Tried some of it today on some johnson grass and some vasey grass and some dallis grass,will it kill it? And will it come back later? Never used this stuff before but thought I would try it,it is pricey though. Is there anything else that will kill that vasey grass or some call it bull grass that will not kill the bermuda?


----------



## somedevildawg (Jun 20, 2011)

nhbaler282 said:


> Tried some of it today on some johnson grass and some vasey grass and some dallis grass,will it kill it? And will it come back later? Never used this stuff before but thought I would try it,it is pricey though. Is there anything else that will kill that vasey grass or some call it bull grass that will not kill the bermuda?

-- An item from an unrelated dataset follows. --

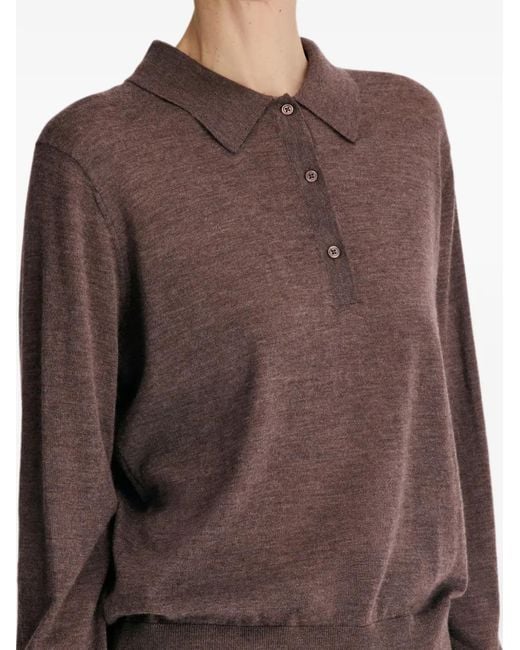 Loulou de Saison Brown Fine-Knit Long-Sleeve Polo Shirt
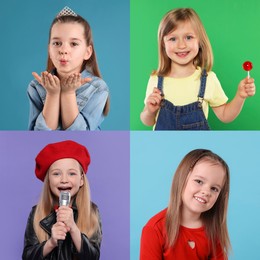 Adorable children on different color backgrounds. Collage of photos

There are others for Vasey grass, but there are no others for Baha'i, and sand bur...cimirron works for Vasey. This late into the season, I believe I would spot spray rather than broadcasting the whole field. Both stunt the Bermuda.... Good luck


----------



## nhbaler282 (Oct 5, 2009)

What else will kill the vasey and not hurt the bermuda? I know cimirron will kill the bahaia but I didn't think it would kill the vasey. Thanks


----------



## somedevildawg (Jun 20, 2011)

I'm fairly certain that it showed a response on Vasey grass, it's been about 3 years since I used it and I'm sure it worked, don't thnk it was the plus because I don't think it was on the market at that time....
Not to uncommon for them to not be listed but still be effective, found out this year that Pastora is effective on red weed (sour weed) u know where a dog pissed, lol....not listed but dad gum sure killed it, not quite like 2-4d but killed it all the same...


----------



## DKFarms (Aug 11, 2008)

Pastora has been good for me (south Louisiana) in controlling Vasey, Johnsongrass, crabgrass, dallis grass, and bahia. Only the max rate, 1.5 oz/ac, seems to be the most effective however. At that rate, it will stunt your bermuda, probably to the point of losing one cutting if the weather doesn't cooperate with you and you don't get some urea on it within 2 weeks of application. Cimarron works for me on Vasey that hasn't produced a seedhead yet, johnsongrass, and dallis grass. Supposed to kill bahia, too, but in 2 years of use, I haven't seen it outright kill bahia dead yet. It will stunt it, though. As for Pastora's claimed residual effect, I can't vouch for that either way because every year every variety of weed comes back somewhere else in the field. Is it a new infestation from somewhere else or a failure in Pastora's residual pre-emergence control? Can't say for sure. I also spray 12 oz/ac per acre of roundup on some fields that are not too infested and it does as good a job as Cimarron does for alot less money. After years of dealing with multiple fields of varying location, size, and bermuda variety, I have learned that every field is different and will respond in it's own unique way to whatever across-the-board spraying program I have.


----------